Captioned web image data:
===============
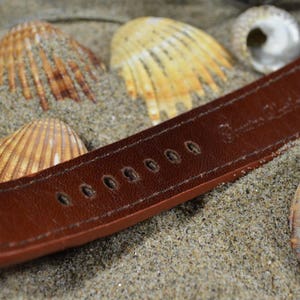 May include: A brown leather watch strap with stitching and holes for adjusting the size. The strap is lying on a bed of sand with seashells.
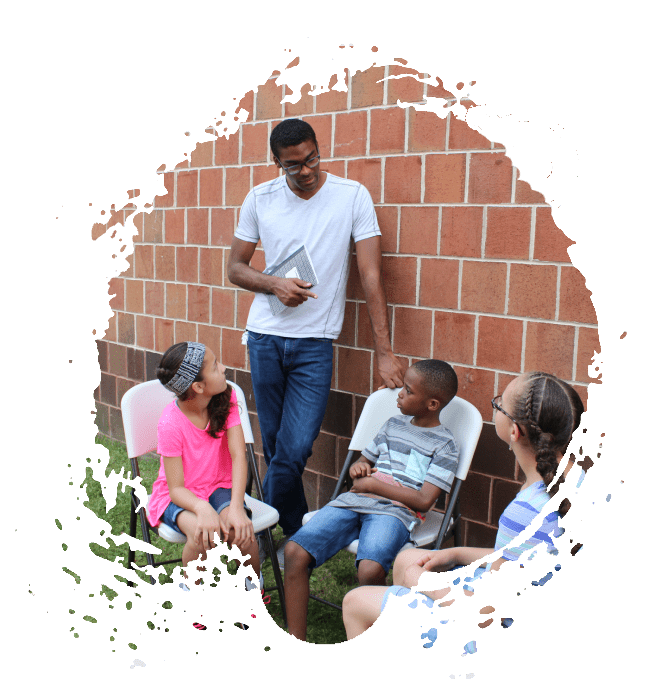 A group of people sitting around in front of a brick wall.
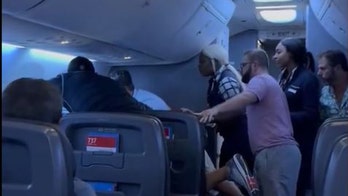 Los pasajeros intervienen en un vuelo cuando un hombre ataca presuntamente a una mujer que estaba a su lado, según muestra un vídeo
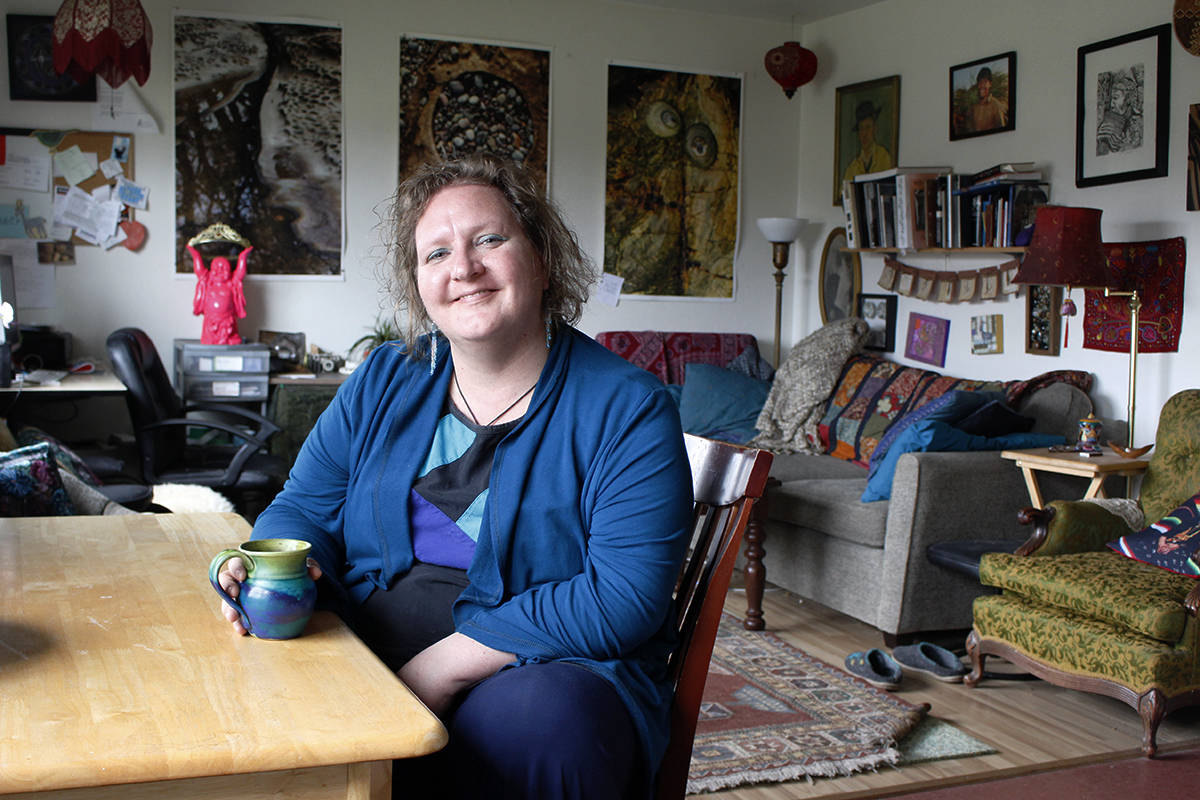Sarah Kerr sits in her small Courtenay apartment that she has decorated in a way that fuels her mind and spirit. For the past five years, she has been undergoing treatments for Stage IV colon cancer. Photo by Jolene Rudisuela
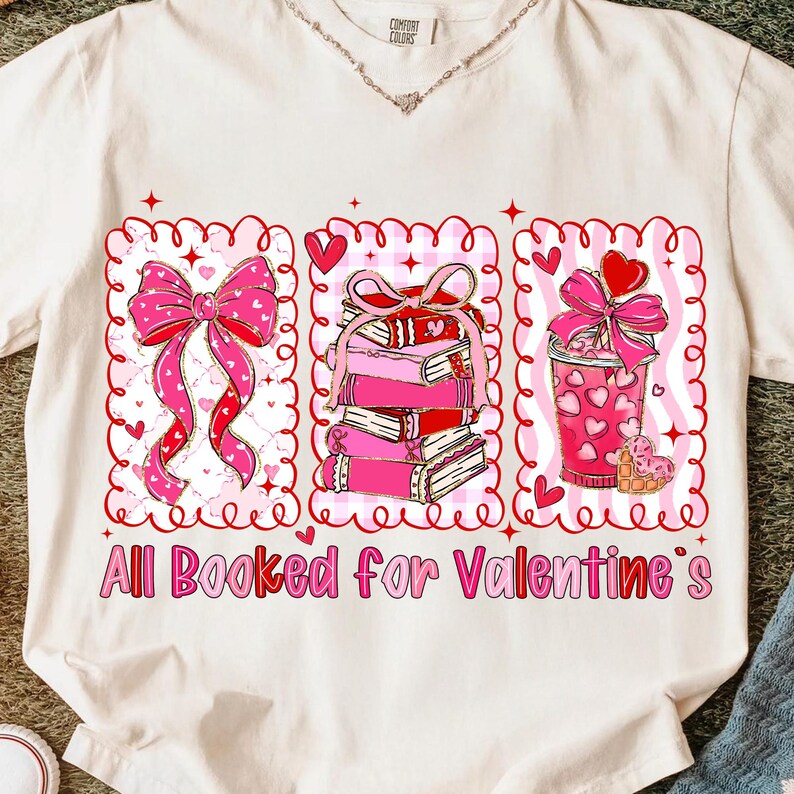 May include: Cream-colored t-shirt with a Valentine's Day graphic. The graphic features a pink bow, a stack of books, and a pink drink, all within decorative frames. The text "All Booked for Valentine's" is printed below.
===============
Give again exactly the lines from the one holding "Los pasajeros intervienen" to the final line of the records, both ends included, and nothing more. Pictures do not belong in the copy.

> **Response area**:
 Los pasajeros intervienen en un vuelo cuando un hombre ataca presuntamente a una mujer que estaba a su lado, según muestra un vídeo
Sarah Kerr sits in her small Courtenay apartment that she has decorated in a way that fuels her mind and spirit. For the past five years, she has been undergoing treatments for Stage IV colon cancer. Photo by Jolene Rudisuela
 May include: Cream-colored t-shirt with a Valentine's Day graphic. The graphic features a pink bow, a stack of books, and a pink drink, all within decorative frames. The text "All Booked for Valentine's" is printed below.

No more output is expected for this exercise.